DESCRIPTION OF THE TASK
Look below for the line with "Seisuke Acero Sueco"; begin the copy there and stop after the line with "ZIP FIVE -White", keeping the text exact and the pictures out.

MATERIAL FOR THIS EXERCISE
··········

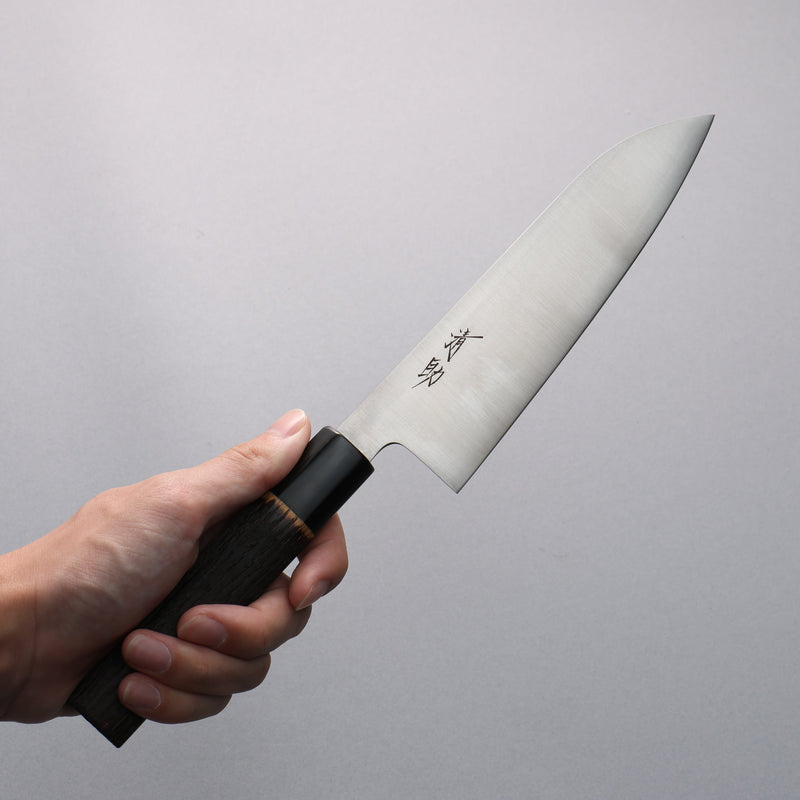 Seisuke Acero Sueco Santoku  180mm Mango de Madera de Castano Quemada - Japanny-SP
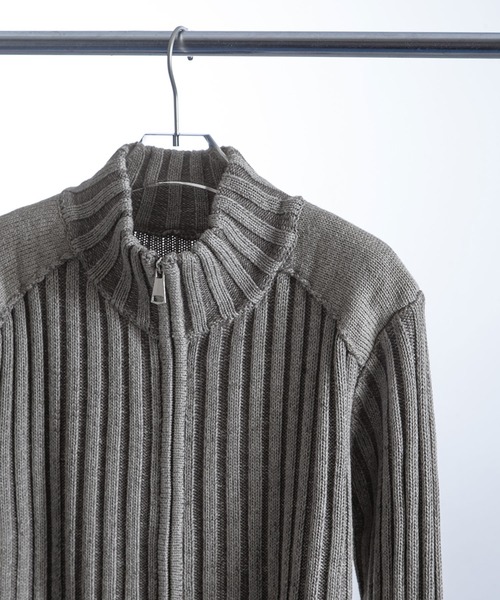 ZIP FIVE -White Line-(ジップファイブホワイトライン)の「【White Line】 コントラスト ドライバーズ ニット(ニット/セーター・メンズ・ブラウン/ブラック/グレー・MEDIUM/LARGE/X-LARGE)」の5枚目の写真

··········

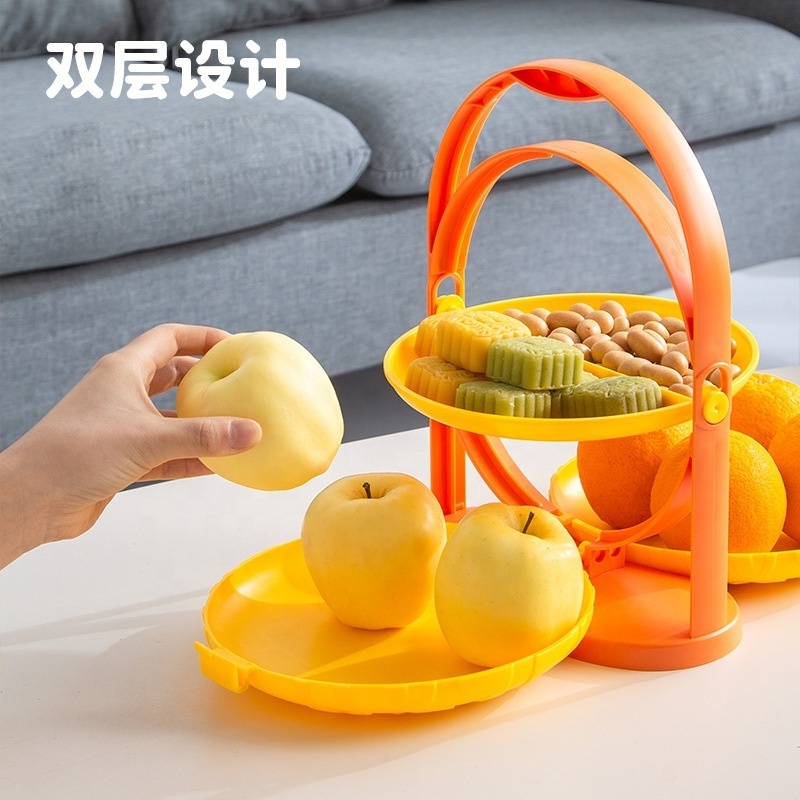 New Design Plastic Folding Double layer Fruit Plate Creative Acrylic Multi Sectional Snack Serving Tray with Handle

··········

ANSWER TO THIS TASK
 Seisuke Acero Sueco Santoku  180mm Mango de Madera de Castano Quemada - Japanny-SP
 ZIP FIVE -White Line-(ジップファイブホワイトライン)の「【White Line】 コントラスト ドライバーズ ニット(ニット/セーター・メンズ・ブラウン/ブラック/グレー・MEDIUM/LARGE/X-LARGE)」の5枚目の写真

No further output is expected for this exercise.